A data warehouse is a repository of a business organization’s historical data. It is a large part of an enterprise data management system which consists of several servers running on different kinds of platforms and database management systems.
It is generally practiced that in an enterprise data management system, it is the data warehouse house which contains static data while it is the operational data store that contains dynamic data that gets frequently updated during the course of business operations.
To illustrate this further, it important to know that in an enterprise data management system environment, there may plenty of servers and database systems which constitute various data stores and these servers may be of varying platforms and database management systems come different vendors.
Each data store gather data based on the departments they are server or on other special function that they are designed to do. But during the entire business operation, these servers send their data to the operational data store which acts as the unifying areas were disparate data from various data stores are extracted and transformed into a unified structure based on the enterprise data architecture.
The process of unifying disparate data is referred to as ETL which stands for extract, transform and load. The extract and transform are mostly done in the operational data store before the transformed data is "loaded" into the data warehouse. With this picture wherein the data warehouse only get the loading part, many people get the impression that the data warehouse indeed is a mere static repository does not do a lot of things except accept data for storage.
In fact, the concept of data warehouse has been taken from the analogy with real life warehouses where good are put before the need arise to get them. And so with data, the operational data store goes to the data warehouse to get the data and process them at the operational data store area. Hence the term operational because it refers to the data currently being operated on or manipulated with.

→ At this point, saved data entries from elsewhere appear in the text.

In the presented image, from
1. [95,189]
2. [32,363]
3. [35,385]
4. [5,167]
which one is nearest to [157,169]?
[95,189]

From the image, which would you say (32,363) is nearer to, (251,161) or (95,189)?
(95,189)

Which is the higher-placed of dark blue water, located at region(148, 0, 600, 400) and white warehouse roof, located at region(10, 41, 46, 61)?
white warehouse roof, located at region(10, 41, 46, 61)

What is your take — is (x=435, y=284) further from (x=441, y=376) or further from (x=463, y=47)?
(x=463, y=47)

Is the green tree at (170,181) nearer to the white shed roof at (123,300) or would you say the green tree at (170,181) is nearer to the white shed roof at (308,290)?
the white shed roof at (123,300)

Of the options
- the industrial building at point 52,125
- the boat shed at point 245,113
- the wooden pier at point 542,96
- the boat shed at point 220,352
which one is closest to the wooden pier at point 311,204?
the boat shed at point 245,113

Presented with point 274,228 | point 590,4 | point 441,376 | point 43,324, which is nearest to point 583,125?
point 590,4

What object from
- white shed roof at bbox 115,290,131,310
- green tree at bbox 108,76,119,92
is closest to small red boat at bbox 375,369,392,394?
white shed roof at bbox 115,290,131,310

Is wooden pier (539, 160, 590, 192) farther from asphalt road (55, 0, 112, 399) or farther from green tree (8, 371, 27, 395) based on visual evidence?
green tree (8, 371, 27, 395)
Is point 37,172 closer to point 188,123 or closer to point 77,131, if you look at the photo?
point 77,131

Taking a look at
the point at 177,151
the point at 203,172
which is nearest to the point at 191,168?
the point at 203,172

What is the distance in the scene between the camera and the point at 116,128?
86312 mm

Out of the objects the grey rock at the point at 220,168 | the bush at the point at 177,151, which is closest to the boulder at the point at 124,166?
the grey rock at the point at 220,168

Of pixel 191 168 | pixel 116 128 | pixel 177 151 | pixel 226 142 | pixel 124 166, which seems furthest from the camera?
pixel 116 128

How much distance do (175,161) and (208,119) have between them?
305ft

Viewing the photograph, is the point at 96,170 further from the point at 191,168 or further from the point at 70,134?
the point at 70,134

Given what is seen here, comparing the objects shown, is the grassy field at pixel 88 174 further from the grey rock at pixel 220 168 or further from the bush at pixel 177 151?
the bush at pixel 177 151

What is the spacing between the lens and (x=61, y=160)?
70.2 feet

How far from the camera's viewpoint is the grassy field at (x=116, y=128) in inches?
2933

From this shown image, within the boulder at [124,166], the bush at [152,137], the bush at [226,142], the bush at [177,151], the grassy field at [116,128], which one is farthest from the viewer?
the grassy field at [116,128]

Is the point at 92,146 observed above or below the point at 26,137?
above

But modern data warehouses are no longer as static as they seem or look. Data warehouses today are already managed by software application tools that have the functionality that allows the data warehouse itself to track data and perform all sorts of analysis related to the movement of data from the warehouse to the other data stores and back.

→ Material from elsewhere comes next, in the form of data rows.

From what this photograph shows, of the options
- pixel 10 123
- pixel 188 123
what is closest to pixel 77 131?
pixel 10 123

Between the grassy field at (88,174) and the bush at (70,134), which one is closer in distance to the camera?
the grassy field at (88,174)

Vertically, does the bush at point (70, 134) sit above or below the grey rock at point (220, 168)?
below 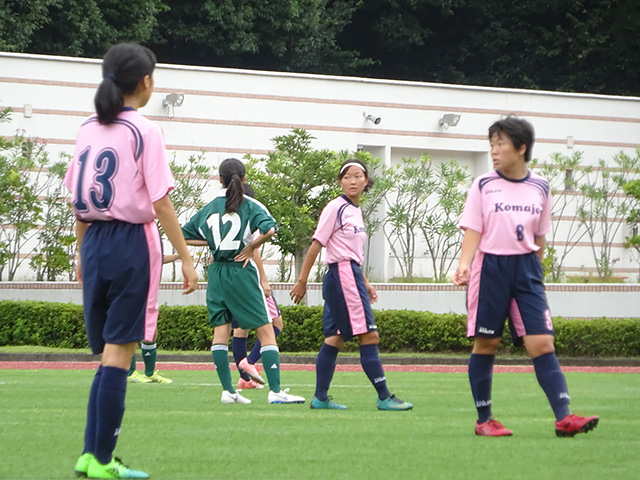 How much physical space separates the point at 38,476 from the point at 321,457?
61.0 inches

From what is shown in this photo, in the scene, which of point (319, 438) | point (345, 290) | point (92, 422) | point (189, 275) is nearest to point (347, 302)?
point (345, 290)

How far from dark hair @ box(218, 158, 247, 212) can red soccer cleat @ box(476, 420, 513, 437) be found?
3223mm

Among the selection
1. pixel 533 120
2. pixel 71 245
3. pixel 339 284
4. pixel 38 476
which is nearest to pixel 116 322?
pixel 38 476

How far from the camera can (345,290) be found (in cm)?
884

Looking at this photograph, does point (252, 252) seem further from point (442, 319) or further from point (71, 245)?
point (71, 245)

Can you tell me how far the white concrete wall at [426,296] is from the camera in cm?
2288

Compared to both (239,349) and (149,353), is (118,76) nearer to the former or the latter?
(239,349)

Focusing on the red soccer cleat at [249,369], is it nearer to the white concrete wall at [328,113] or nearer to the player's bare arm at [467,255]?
the player's bare arm at [467,255]

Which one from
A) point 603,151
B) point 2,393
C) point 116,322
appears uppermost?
point 603,151

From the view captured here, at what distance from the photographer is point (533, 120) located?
31.0m

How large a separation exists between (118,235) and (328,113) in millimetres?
23964

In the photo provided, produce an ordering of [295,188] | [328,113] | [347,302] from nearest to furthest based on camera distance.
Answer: [347,302]
[295,188]
[328,113]

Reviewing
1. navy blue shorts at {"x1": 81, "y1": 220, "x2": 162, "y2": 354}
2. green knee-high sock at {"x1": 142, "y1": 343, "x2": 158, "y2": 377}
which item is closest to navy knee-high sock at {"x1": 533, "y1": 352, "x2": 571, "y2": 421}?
navy blue shorts at {"x1": 81, "y1": 220, "x2": 162, "y2": 354}

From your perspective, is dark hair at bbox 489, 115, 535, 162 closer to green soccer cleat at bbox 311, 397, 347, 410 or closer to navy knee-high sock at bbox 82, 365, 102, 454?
green soccer cleat at bbox 311, 397, 347, 410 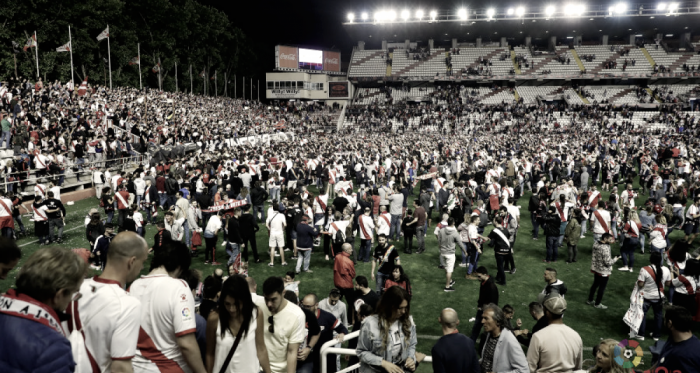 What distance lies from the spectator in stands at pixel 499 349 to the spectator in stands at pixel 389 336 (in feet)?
2.80

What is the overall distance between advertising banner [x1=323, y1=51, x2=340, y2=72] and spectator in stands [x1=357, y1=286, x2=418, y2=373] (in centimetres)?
6600

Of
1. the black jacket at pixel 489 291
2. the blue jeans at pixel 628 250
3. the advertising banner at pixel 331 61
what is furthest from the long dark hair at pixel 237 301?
the advertising banner at pixel 331 61

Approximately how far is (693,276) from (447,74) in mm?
55255

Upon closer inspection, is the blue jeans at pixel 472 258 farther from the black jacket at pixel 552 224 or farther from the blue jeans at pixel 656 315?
the blue jeans at pixel 656 315

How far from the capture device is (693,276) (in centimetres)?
705

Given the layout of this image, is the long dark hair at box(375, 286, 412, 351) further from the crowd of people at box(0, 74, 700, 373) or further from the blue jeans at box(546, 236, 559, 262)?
the blue jeans at box(546, 236, 559, 262)

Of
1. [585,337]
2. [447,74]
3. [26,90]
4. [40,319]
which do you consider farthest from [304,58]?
[40,319]

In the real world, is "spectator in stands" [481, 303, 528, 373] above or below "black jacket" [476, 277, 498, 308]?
above

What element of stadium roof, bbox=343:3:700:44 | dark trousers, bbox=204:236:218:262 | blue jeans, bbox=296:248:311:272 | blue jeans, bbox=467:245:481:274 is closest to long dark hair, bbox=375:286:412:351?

Many data warehouse employ a technology known as Online Analytical Processing (OLAP) which helps in providing answers to various multidimensional analytical queries. Most areas of business including business reporting for sales, marketing, management reporting, business process management (BPM), budgeting and forecasting, financial reporting use OALP for retrieving information from the data warehouse so that the company can spot trends and patterns as basis for the corporate decisions.
There are many companies specifically offering data warehousing software solutions which come with sophisticated proprietary intuitive functions. Many of these vendors even offer integrated solutions that add data warehousing functions with such complex features as data transformation, management, analytics and delivery components.
Having an intuitive data warehouse greatly increases overall performance of the enterprise data management system because the data warehouse can already share some of the load which is supposed to be for the operational data stores which tackles very labor intensive processes from the on-going business operations.